►

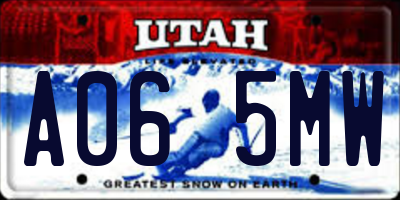 UT license plate A065MW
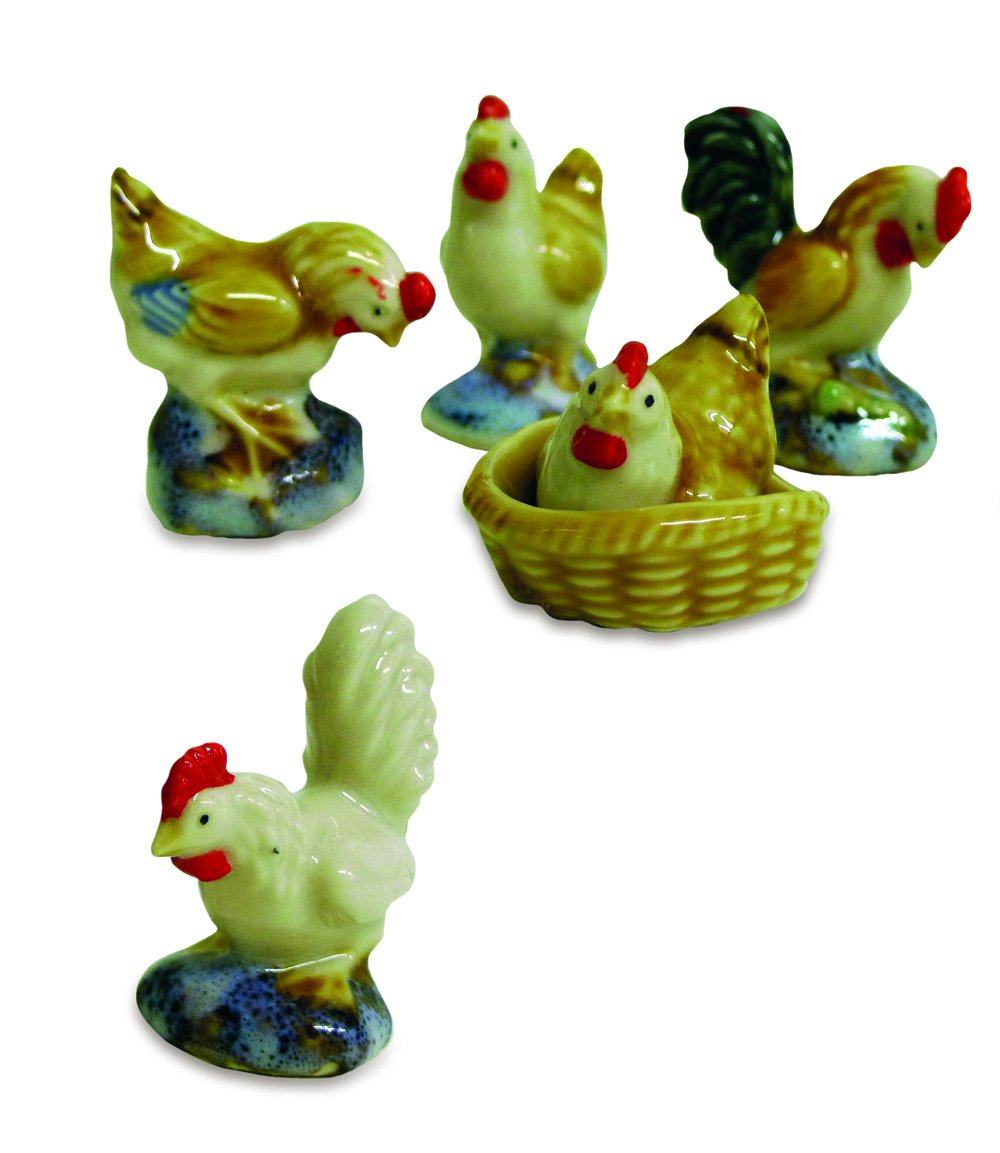 Gallo e gallina porcellana ass. 5 pz 4,5 cm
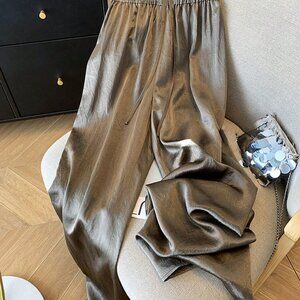 Coffee Brown Casual Women's Loose Wide Leg Pants
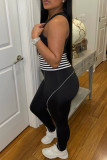 Black Casual Sportswear Striped Patchwork O Neck Skinny Jumpsuits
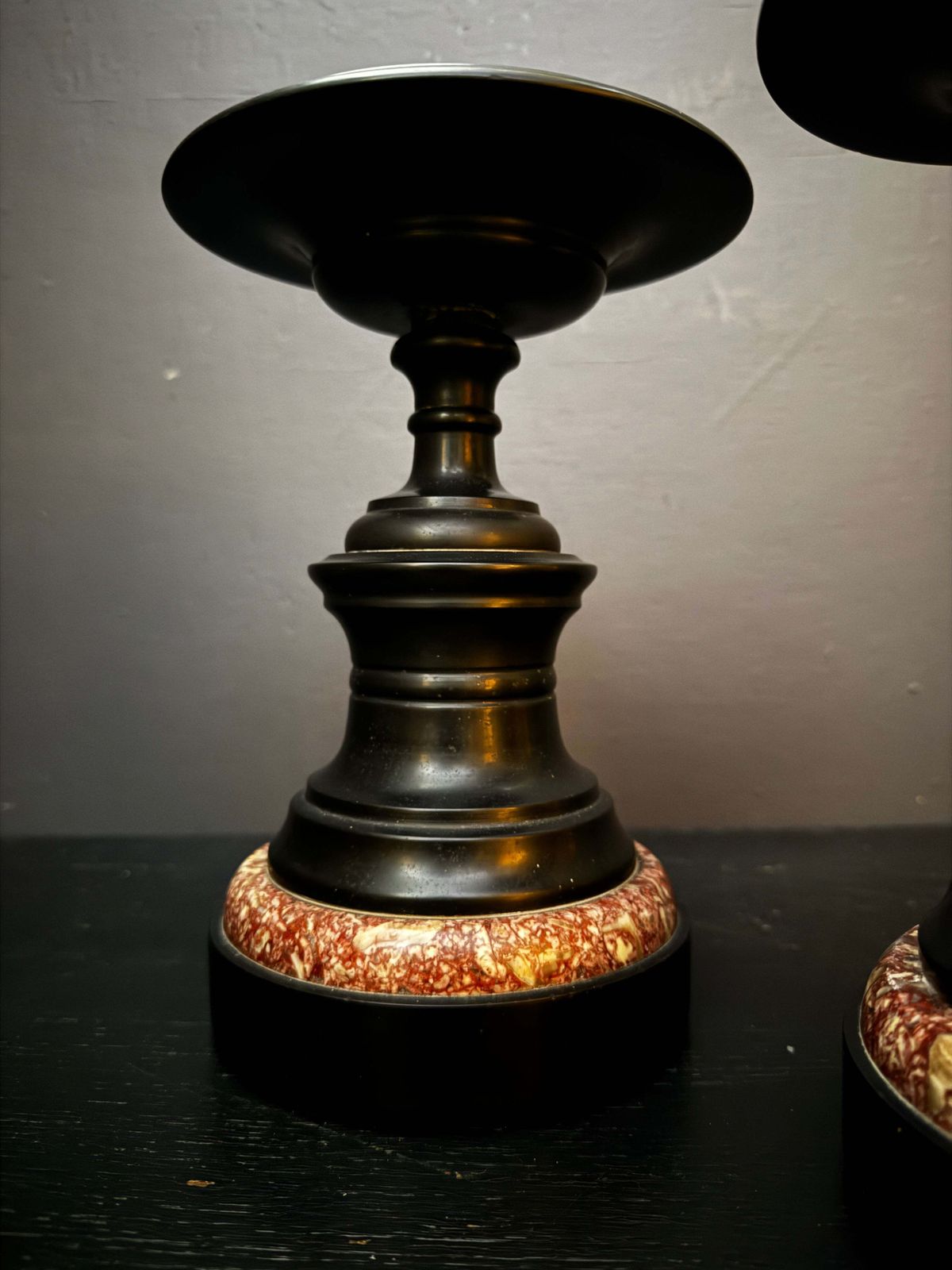 Mid 1800s Pair Of French Turned Black Marble Candle Sticks photo buy
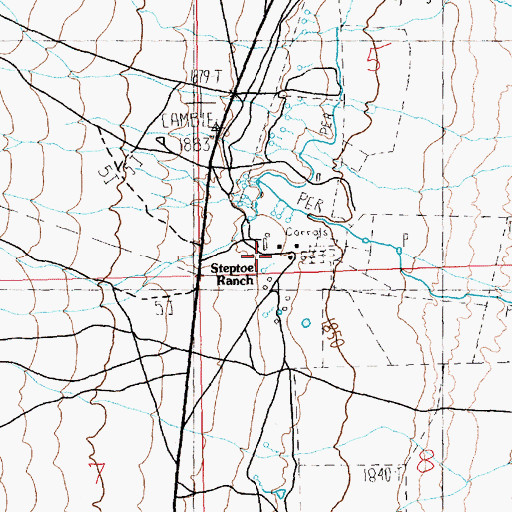 Topographic Map of Steptoe Ranch, NV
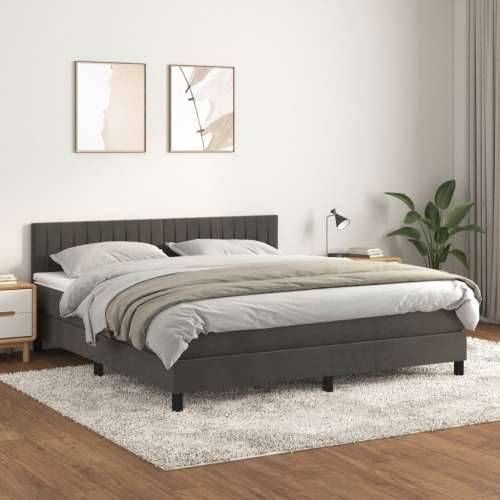 Krevet s oprugama i madracem tamnosivi 160x200 cm baršunasti - Tamno siva 160 x 200 cm Okomite pruge Cijena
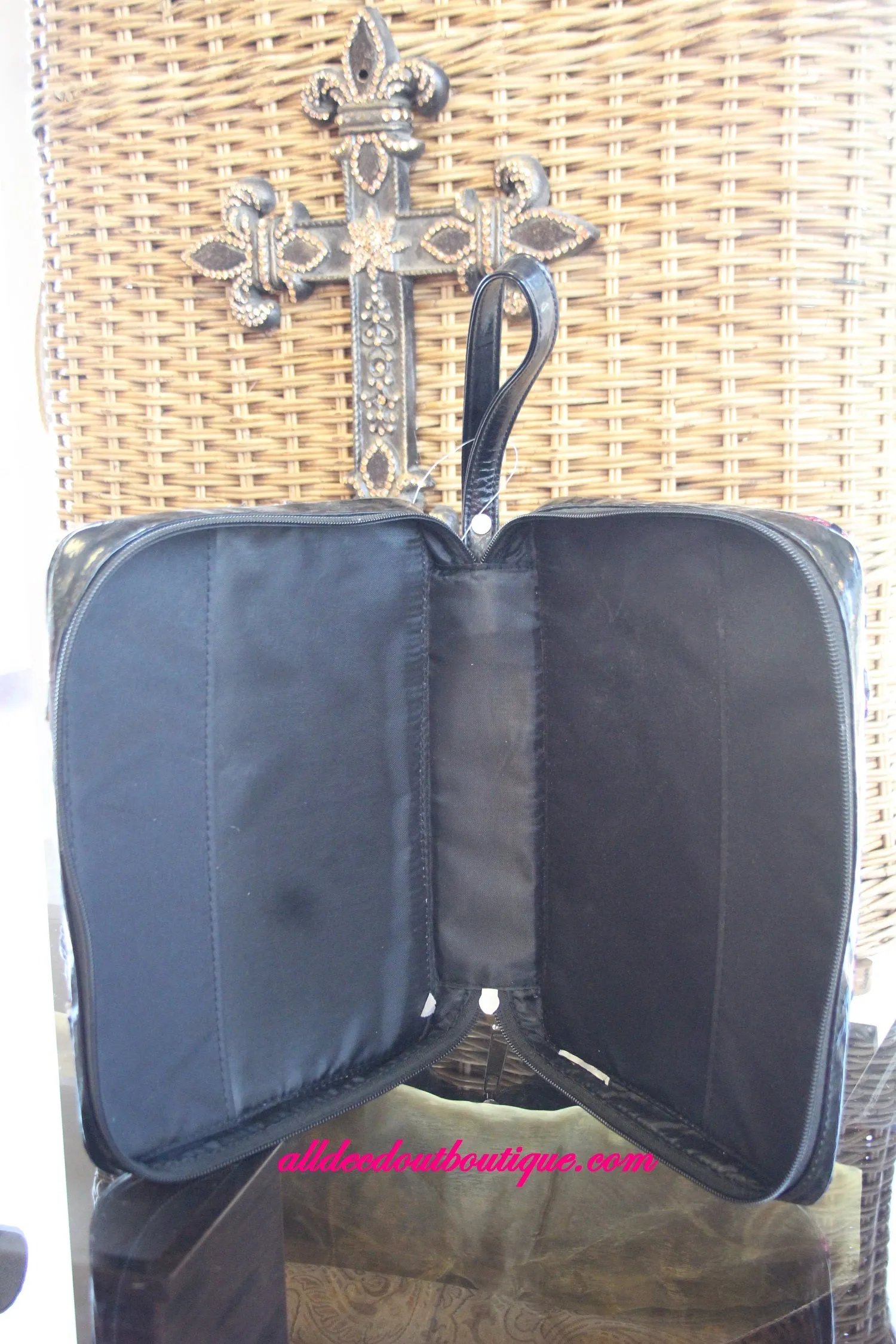 ADO | Silver Zebra and Black Embellished Bible Cover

◄

Problem to work on –
Copy out, exactly and without pictures, each line from the one containing "Black Casual Sportswear" through the final line of the entries, both ends included.

Response to this exercise –
 Black Casual Sportswear Striped Patchwork O Neck Skinny Jumpsuits
 Mid 1800s Pair Of French Turned Black Marble Candle Sticks photo buy
 Topographic Map of Steptoe Ranch, NV
 Krevet s oprugama i madracem tamnosivi 160x200 cm baršunasti - Tamno siva 160 x 200 cm Okomite pruge Cijena
 ADO | Silver Zebra and Black Embellished Bible Cover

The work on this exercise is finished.